Town officials on Tuesday approved New Canaan’s first-ever lease agreement with the longtime host of a local food pantry that increasingly is in demand.
Under the agreement, New Canaan retroactive to Jan. 1 and through Dec. 31 will pay $1,200 per month to St. Mark’s Episcopal Church, then $1,250 per month for the next calendar year.
Members of the Board of Selectmen at their regular meeting noted the many infrastructure improvements that St. Mark’s has made on its own—including grading its driveway around back where the pantry is located and makings its steps ADA-compliant—thanking the church by way of unanimously approving the new lease agreement.
“I would like to thank St. Mark’s for hosting us for so many years at no cost,” Selectman Beth Jones said at the meeting, held in New Canaan Police Department Training Room.
She added: “Everybody is treated as a special client and they can choose what they need and there are fresh vegetables and they really do a tremendous job.”
Lease payments are expected to be covered by a fund that includes donations in support of the food pantry, officials said. (There does not appear to be a line item in the fiscal year 2015 operating budget for the pantry specifically.) New Canaan Health & Human Services Director Carol McDonald said that the pantry is feeding 180—sometimes 200 people—every two weeks.
“It’s much more than anywhere else in surrounding towns because our pantry runs very differently than anyone else’s,” McDonald said. “We are very well-stocked and we just have a tremendous need here.”
Once an emergency stopgap for families in a difficult situation—for example, where income earners have lost jobs—food pantries in lower Fairfield County increasingly have become a more regular source of sustenance on which many families have come to rely.
In New Canaan, the entirely volunteer-run food pantry is more than 10 years old and from the very early going has been a joint effort of the town and Oenoke Ridge Road church, said Richard DePatie, parish administrator at St. Mark’s.
During an interview after the selectmen meeting, DePatie said those who operate the pantry include St. Mark’s members and non-members alike, and added that three of its major organizers are Wendy Hilboldt, Maggie Downes-Angus and Carol Harvey.
Asked for his thoughts on news of the approved lease agreement, DePatie said: “We are pleased with the resolution and feel that it’s good for both the town and for St. Mark’s, and we are happy to be the host for this agency.” (The church uses a piece of its land, the “Gospel Garden,” to grow vegetables that are then made available at the pantry, see photo on right.)
McDonald said during the meeting that food pantry operation has become “more formalized.”
“It is now under my department and the Human Services commissioners for oversight, which I think just kind of makes it a little bit stronger and it’s all run by volunteers,” she said. “We have fabulous volunteers that run it and they will continue to run it and are happy to do so. And we will work with them every chance we possibly can.”

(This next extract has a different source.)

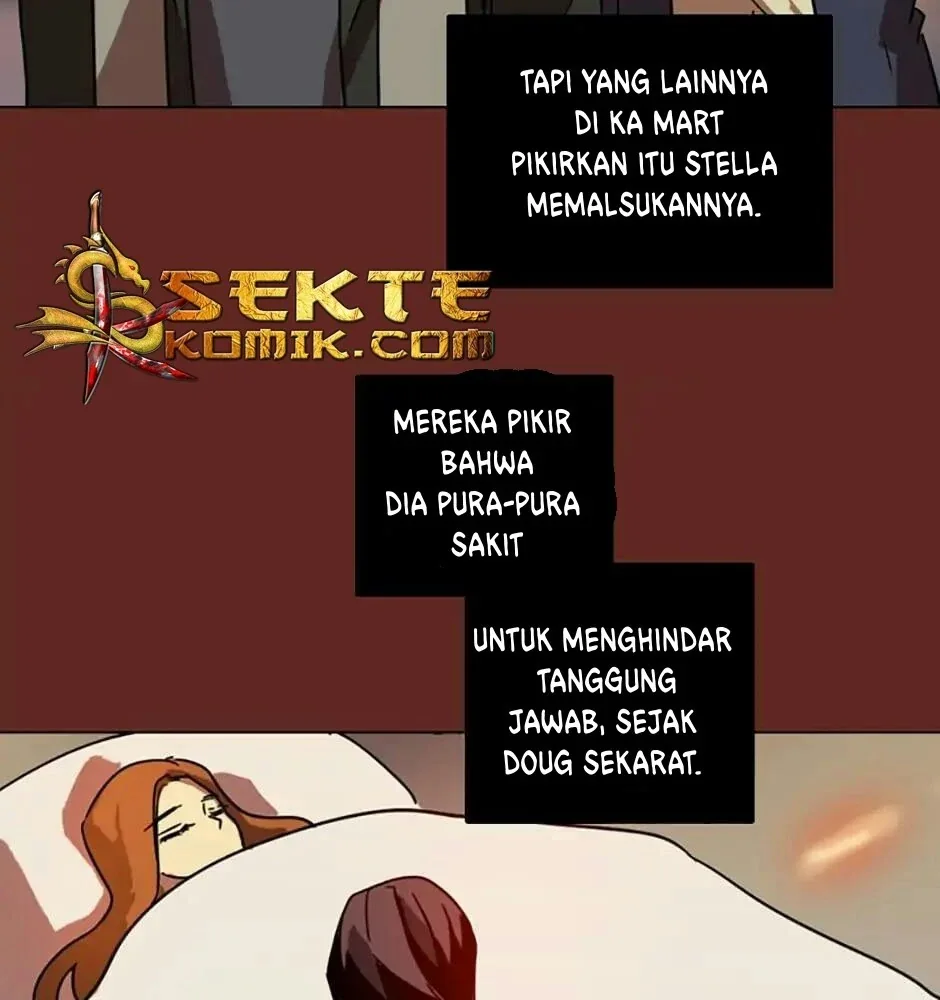 Halaman 97 — Dreamcide Chapter 71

Selectmen sought clarification from McDonald on whether Human Services had investigated other possible locations for the pantry (no—see below), whether the fund was healthy enough that the pantry effectively would self-sustain through 2015 (yes) and for clarification on the town’s support for the pantry to date (such as helping to pay for a repainting of the area earlier this year, prior to lease agreement discussions).
Those discussions have included town lawyers and have been going on for months, McDonald said.
The health and human services director said New Canaan’s goal should be to relocate the pantry at some point in a municipal building.
“I think my ultimate goal would be after the renovation of Town Hall, that we try to find a town building where we move the food pantry,” McDonald said.